I'm new to AWS and Hive, and I'm trying to use Hive to analyze Google Ngrams data. I tried to save a table as tab-delimited CSV in an S3 bucket, but now I don't know how to view it or download it to see if my job executed correctly.
The query I used to create the table was
CREATE EXTERNAL TABLE test_table2 (
gram string,
year int,
occurrences bigint,
pages bigint,
books bigint
)
ROW FORMAT DELIMITED FIELDS TERMINATED BY '\t'
LINES TERMINATED BY '\n'
STORED AS TEXTFILE
LOCATION 's3://mybucket/sub-bucket/test-table2.txt';
I then filled the table with data:
INSERT OVERWRITE TABLE test_table2
SELECT
gram,
year,
occurrences,
pages,
books
FROM
eng1m_5grams_normed
WHERE
gram = 'early bird gets the worm';
The query ran fine, and I think everything worked correctly.

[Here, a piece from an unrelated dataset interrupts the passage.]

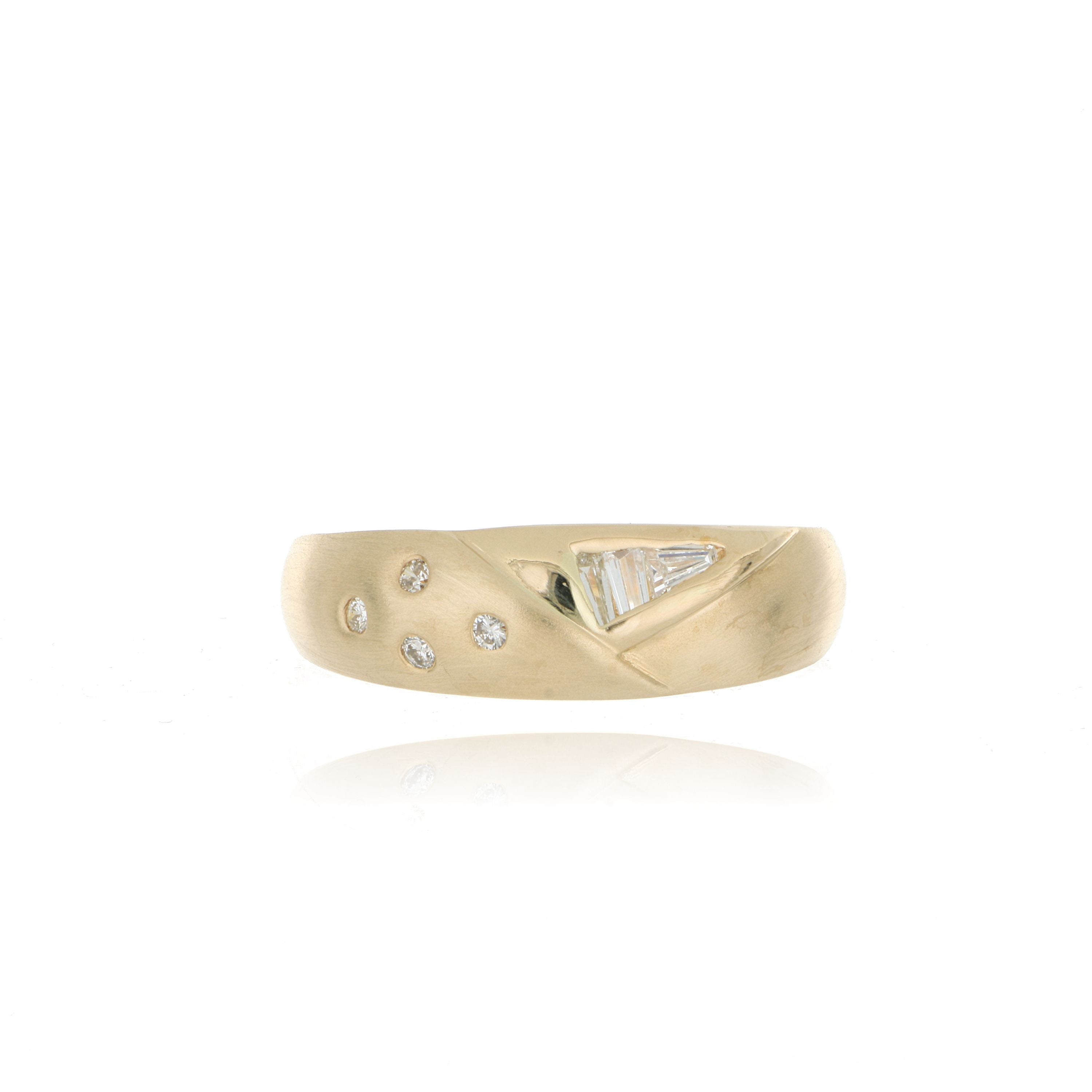14k Yellow Gold Diamond Ring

However, when I navigate to my bucket in the S3 Management Console online, the text file appears as a folder containing a bunch of files. These files have long hexadecimal character names and are 0 bytes big.
Is this just the text file represented as a directory? Is there a way I can view or download the file to see if my query worked? I tried to make the directory public so I could download it, but the download button in the "Actions" dropdown menu is still greyed out.